→ How to complete this task
When the line containing "Convite de Casamento" appears in the data below, begin copying there and stop only after the line containing "Multifunctional Heavy Duty".

→ Supplied entries
□ □ □ □

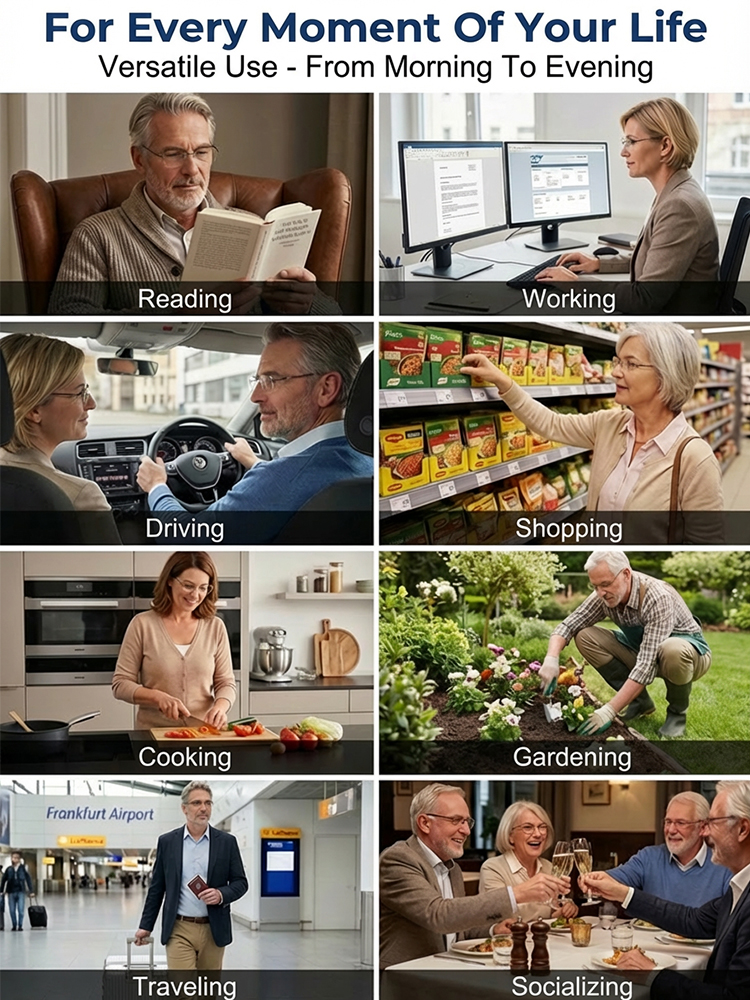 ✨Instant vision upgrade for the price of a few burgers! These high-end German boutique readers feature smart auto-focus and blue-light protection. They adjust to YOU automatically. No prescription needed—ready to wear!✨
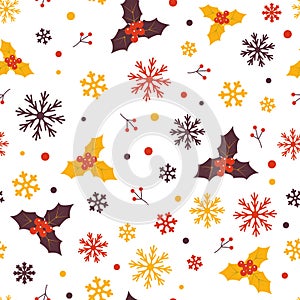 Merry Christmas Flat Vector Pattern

□ □ □ □

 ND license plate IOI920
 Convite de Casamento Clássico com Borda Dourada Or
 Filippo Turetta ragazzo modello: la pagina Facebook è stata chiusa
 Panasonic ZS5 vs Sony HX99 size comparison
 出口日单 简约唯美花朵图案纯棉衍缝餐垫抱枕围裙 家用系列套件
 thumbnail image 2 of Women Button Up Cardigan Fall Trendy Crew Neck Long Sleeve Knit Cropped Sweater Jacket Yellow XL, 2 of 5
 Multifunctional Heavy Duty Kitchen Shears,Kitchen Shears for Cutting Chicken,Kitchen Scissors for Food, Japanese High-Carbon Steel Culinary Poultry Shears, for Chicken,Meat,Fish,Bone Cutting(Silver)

□ □ □ □

→ Solved exercise
 Convite de Casamento Clássico com Borda Dourada Or
 Filippo Turetta ragazzo modello: la pagina Facebook è stata chiusa
 Panasonic ZS5 vs Sony HX99 size comparison
 出口日单 简约唯美花朵图案纯棉衍缝餐垫抱枕围裙 家用系列套件
 thumbnail image 2 of Women Button Up Cardigan Fall Trendy Crew Neck Long Sleeve Knit Cropped Sweater Jacket Yellow XL, 2 of 5
 Multifunctional Heavy Duty Kitchen Shears,Kitchen Shears for Cutting Chicken,Kitchen Scissors for Food, Japanese High-Carbon Steel Culinary Poultry Shears, for Chicken,Meat,Fish,Bone Cutting(Silver)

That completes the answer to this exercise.